#### INFORMATION SHOWN ####

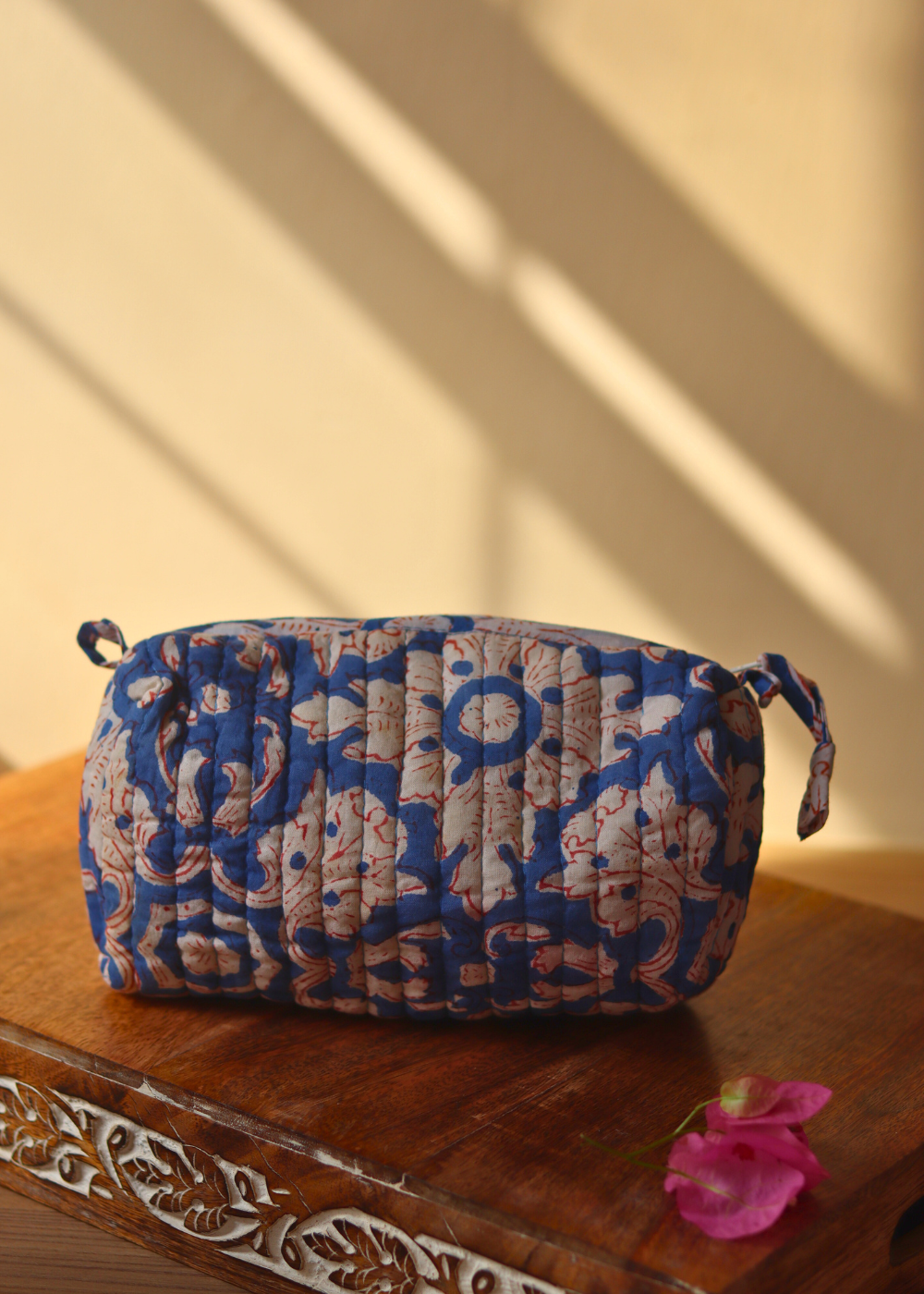 blue floral toiletry bag small size on wooden surface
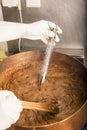 Boiling syrup of sugar in copper pan with thermometer and big spoon. Brown colour because of evaporation. Royalty Free Stock Photo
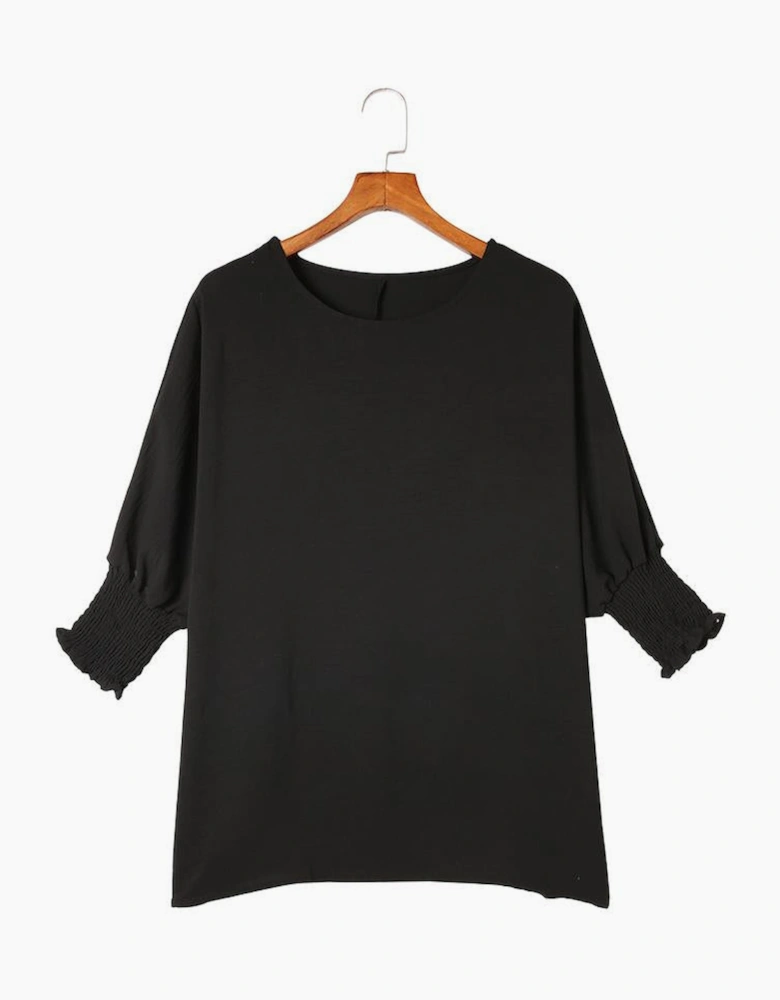 Black Smocked Wrist Shift Top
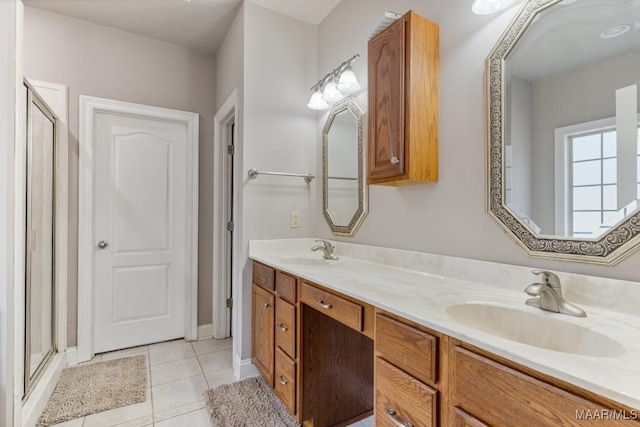 bathroom with double vanity, a sink, tile patterned floors, and a stall shower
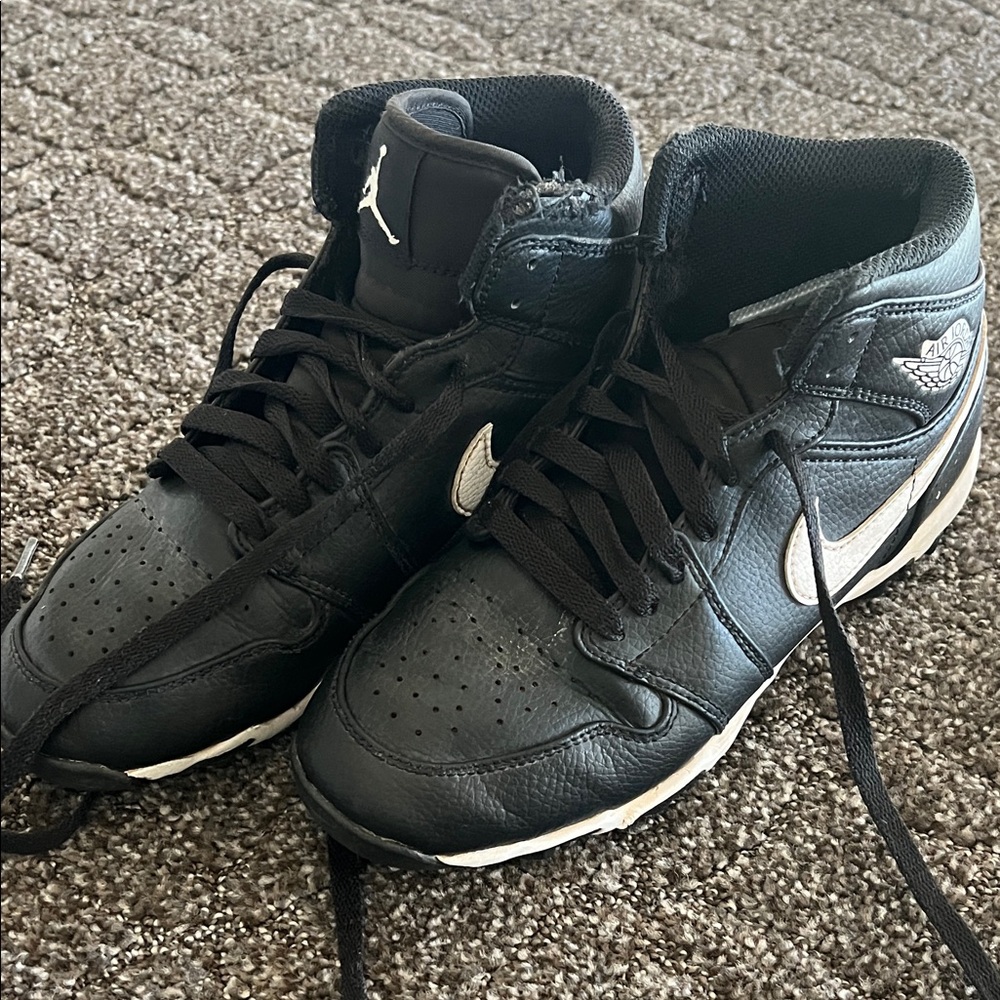 Nike Black Mid-Top Cleats with White Swoosh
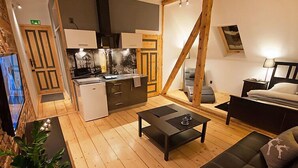 A compact living space with a kitchenette, a sofa, a coffee table, and a dining table.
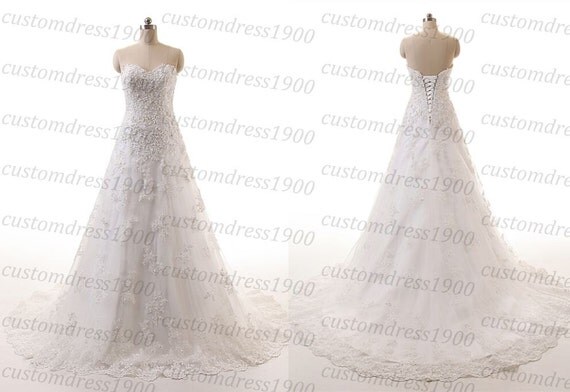 appliquéd embroidered tulle gown in white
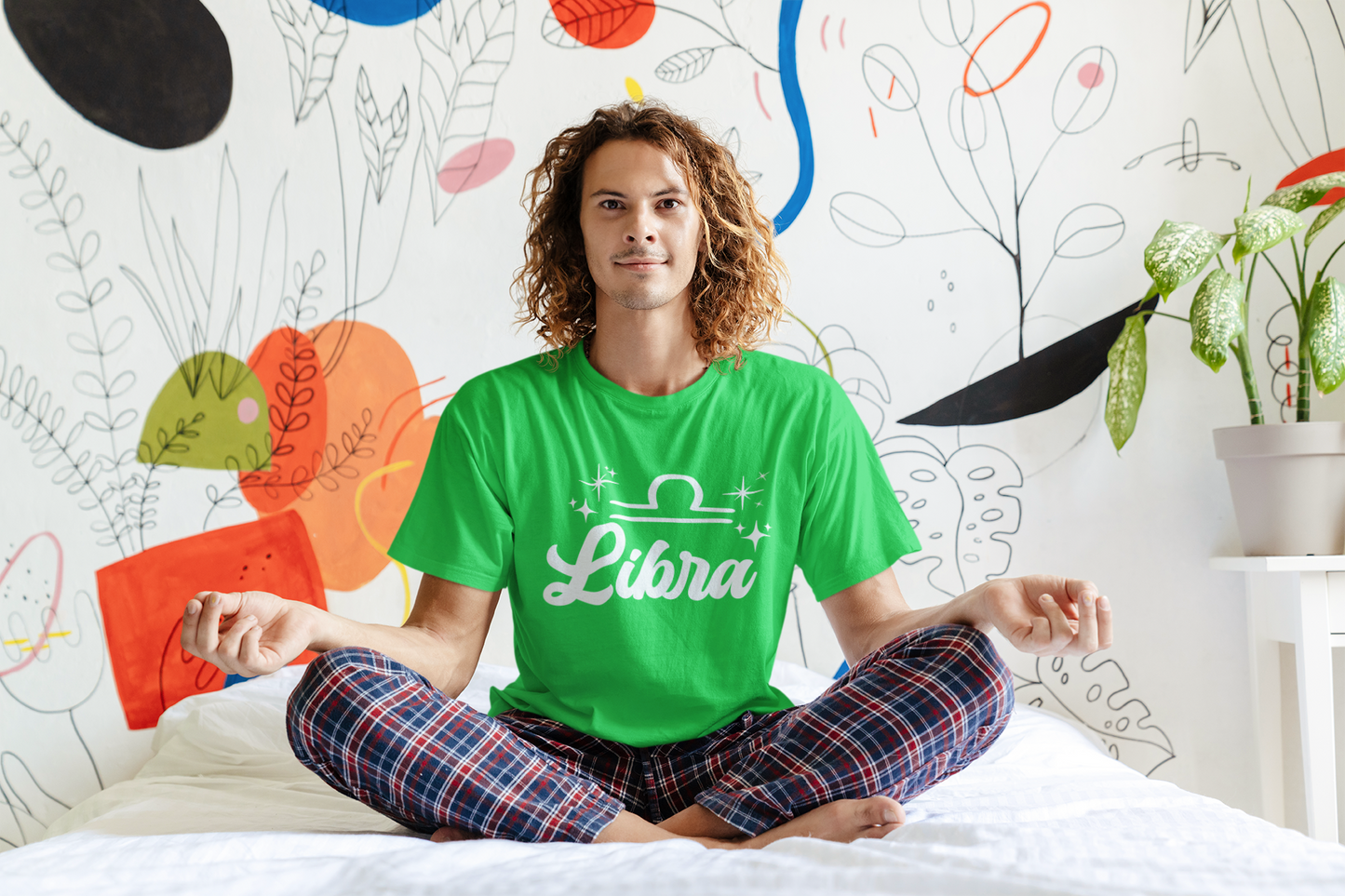 Person wearing an green 'Libra' white text design t-shirt sitting on a bed with a colorful wall in the background
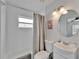Bathroom showcasing a tub with shower, modern fixtures, and clean, bright lighting at 719 58Th S St, Gulfport, FL 33707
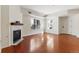 Elegant living room featuring gleaming wood floors, a stylish fireplace, bright windows, and a neutral color scheme for a modern feel at 2901 Wyandot St # 18, Denver, CO 80211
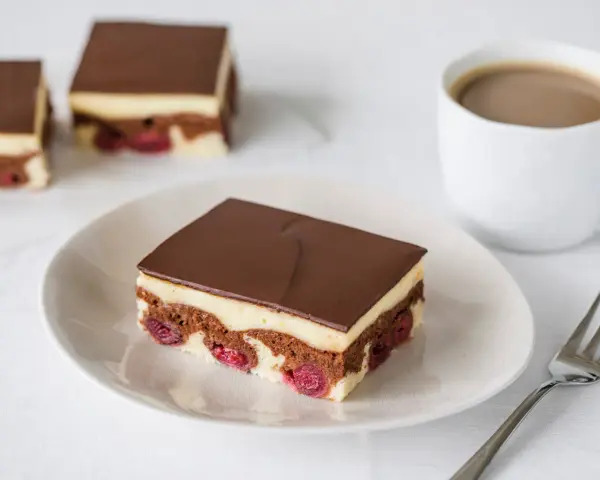 Ein Stück Donauwelle-Kuchen mit Kirschen, Vanillecreme und Schokoladenglasur. Ein leckeres Rezept für den Kaffeetisch.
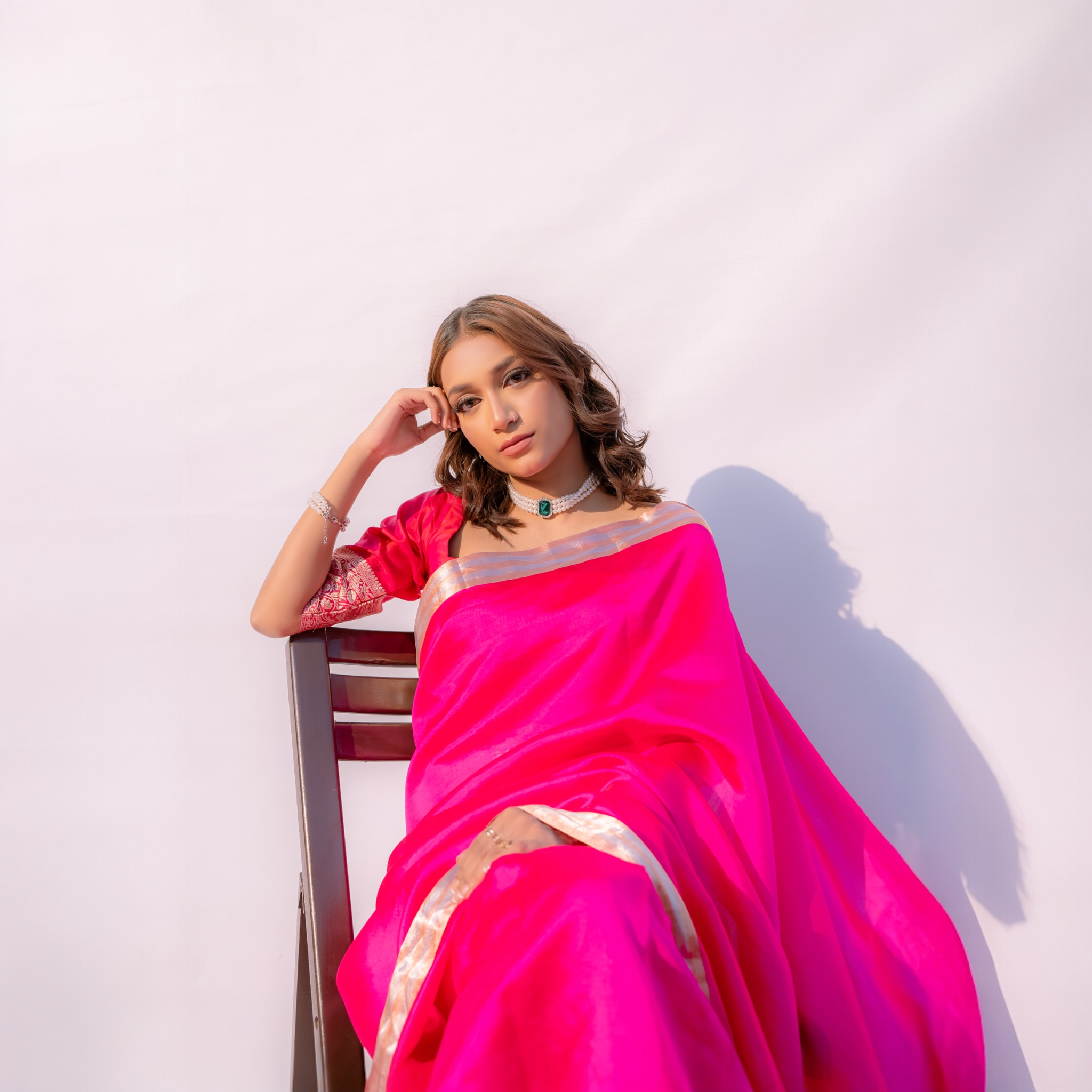 Model is wearing pure handloom royal pink banarasi saree of lunarae london.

####

* **WORK ORDER**
Top to bottom, retype the listing exactly but drop every picture.

* **EXERCISE RESPONSE**
 blue floral toiletry bag small size on wooden surface
 Boiling syrup of sugar in copper pan with thermometer and big spoon. Brown colour because of evaporation. Royalty Free Stock Photo
 Black Smocked Wrist Shift Top
 bathroom with double vanity, a sink, tile patterned floors, and a stall shower
 Nike Black Mid-Top Cleats with White Swoosh
 A compact living space with a kitchenette, a sofa, a coffee table, and a dining table.
 appliquéd embroidered tulle gown in white
 Person wearing an green 'Libra' white text design t-shirt sitting on a bed with a colorful wall in the background
Bathroom showcasing a tub with shower, modern fixtures, and clean, bright lighting at 719 58Th S St, Gulfport, FL 33707
 Elegant living room featuring gleaming wood floors, a stylish fireplace, bright windows, and a neutral color scheme for a modern feel at 2901 Wyandot St # 18, Denver, CO 80211
 Ein Stück Donauwelle-Kuchen mit Kirschen, Vanillecreme und Schokoladenglasur. Ein leckeres Rezept für den Kaffeetisch.
 Model is wearing pure handloom royal pink banarasi saree of lunarae london.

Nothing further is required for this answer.